I don’t have any of last year’s batch left over to do a true vertical tasting, but I’m a little disappointed in this year’s model. I’m not sure the Progress hops were a good addition (sorry, Jenny). I’ve used them in more robust English-style beers like porters and stouts to great effect, but with so little malt character to hide behind, I’m getting a strong tropical fruit flavor though it is mellowing with time in the keg. The other fault is less diacetyl than I like in this style, though it may be hiding under all those Progress hops and may become more obvious as the hop flavor mellows.
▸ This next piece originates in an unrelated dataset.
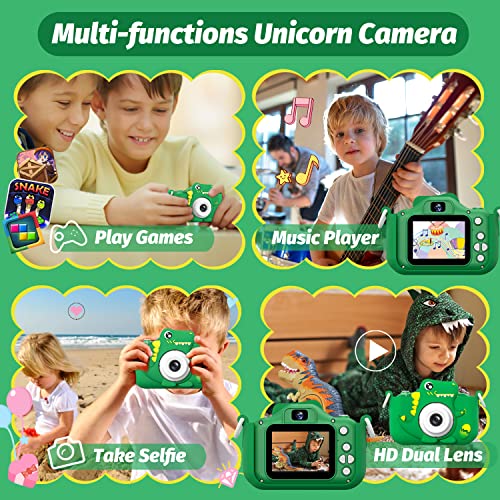 Upgrade Dinosaur Kids Camera, Christmas Birthday Gifts for Girls B...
So the beer’s not perfect. But considering I half expected the skies to open up, swarms of locusts and some ancient BJCP curse to fall upon me when I put hops other than East Kent Goldings in a special bitter, I think I’m still coming out ahead. I don’t get the feeling of being an American lost in Britain in this version, but my second Transatlantic ale experiment is good enough to brew again. And again. Until I get it right.
*Sussaxon: a native of East or West Sussex. My brother-in-law assures me this although this term is technically accurate, no one uses it. We both like it because it makes us think of the people of Sussex as mud-splattered, armor-clad Saxons performing great acts of manly savagery like raiding cottages across the southern coast of Great Britain. They’re not.